Walaupun nafs adalah bagian integral dari keseluruhan tindakan kita, termasuk do’a kita dan praktik keagamaan lainnya, ia tidak memiliki peran dalam pengetahuan batiniah kita. Puncak gunung ini adalah keyakinan terhadap Tuhan, serta penglihatan dan pemerolehan melalui cahaya iman yang tidak terlihat oleh mata.
Di atas gunung cahaya makrifat, dalam hati yang lebih dalam terdapat burung nafs penyesalan. Ia kadang terbang ke lembah kegembiraan, kebanggaan, dan kenikmatan dalam rakhmat Tuhan. Pada saat yang lain ia terbang ke lembah kebutuhan, kerendahan, mencemooh diri sendiri, kepapaan, dan kemiskinan.
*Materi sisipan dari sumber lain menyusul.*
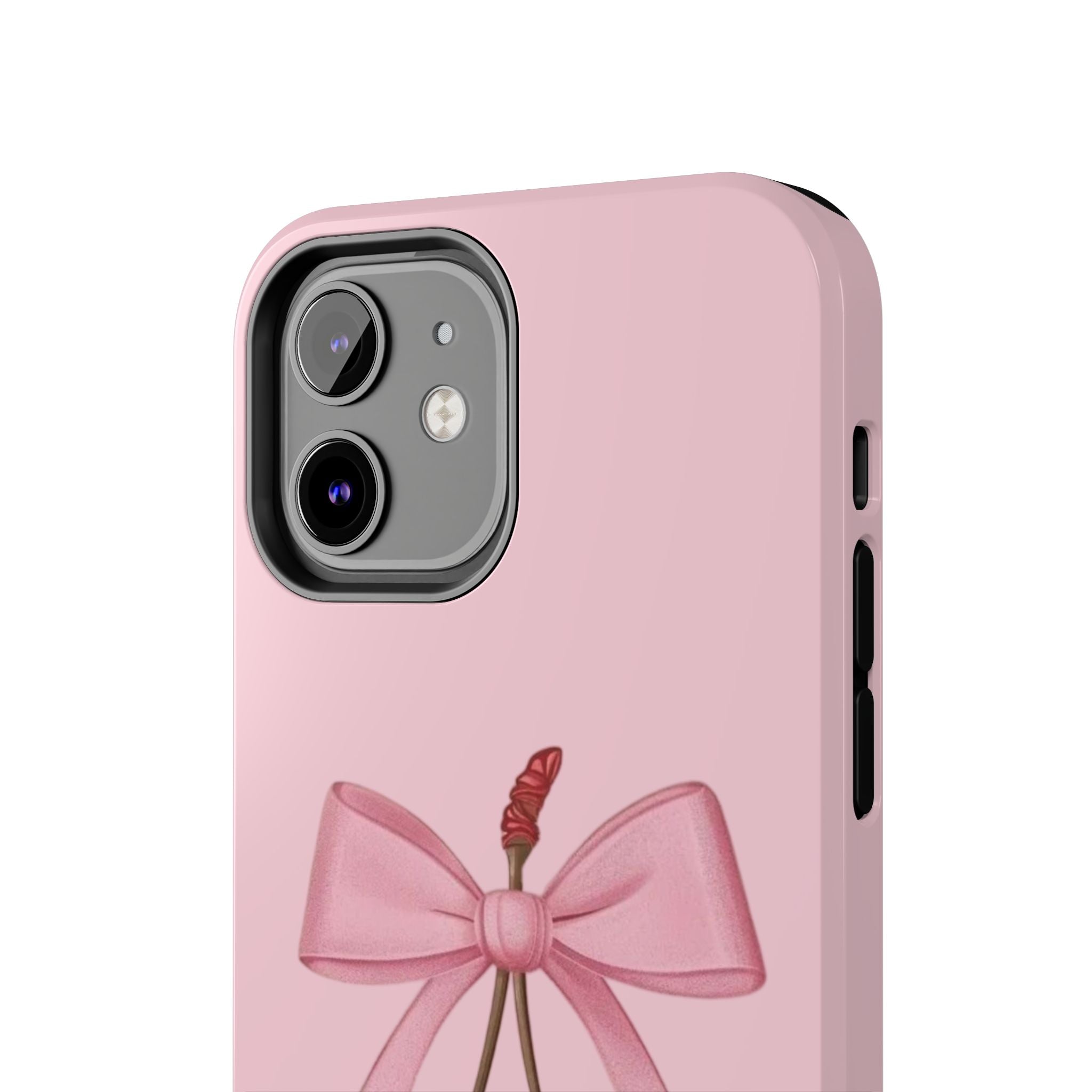 Pink Cherry Tough Phone Case — Cute Bow Cherry Protective Phone Cover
Ia mencakup sikap menyalahkan diri sendiri dan penyesalan terhadap kesalahan-kesalahan.
Cahaya hati digambarkan dalam salah satu ayat al-Qur’an dalam Surat An-Nuur ayat 35: “Allah adalah cahaya langit dan bumi. Perumpamaan cahaya Allah, adalah seperti sebuah lubang yang tak tembus, yang di dalamnya ada pelita besar. Pelita itu di dalam kaca, kaca itu seakan-akan bintang yang gemerlapan seperti mutiara, yang dinyalakan dengan minyak dari pohon yang banyak berkahnya, pohon  zaitun yang tumbuh tidak disebelah barat, yang minyaknya hampir-hampir menerangi, walaupun tidak disentuh api. Cahaya di atas cahaya (berlapis-lapis), Allah membimbing kepada cahaya-Nya siapa yang Dia kehendaki, dan Allah memperbuat  perumpamaan-perumpamaan bagi manusia dan Allah Maha Mengetahui segala sesuatu."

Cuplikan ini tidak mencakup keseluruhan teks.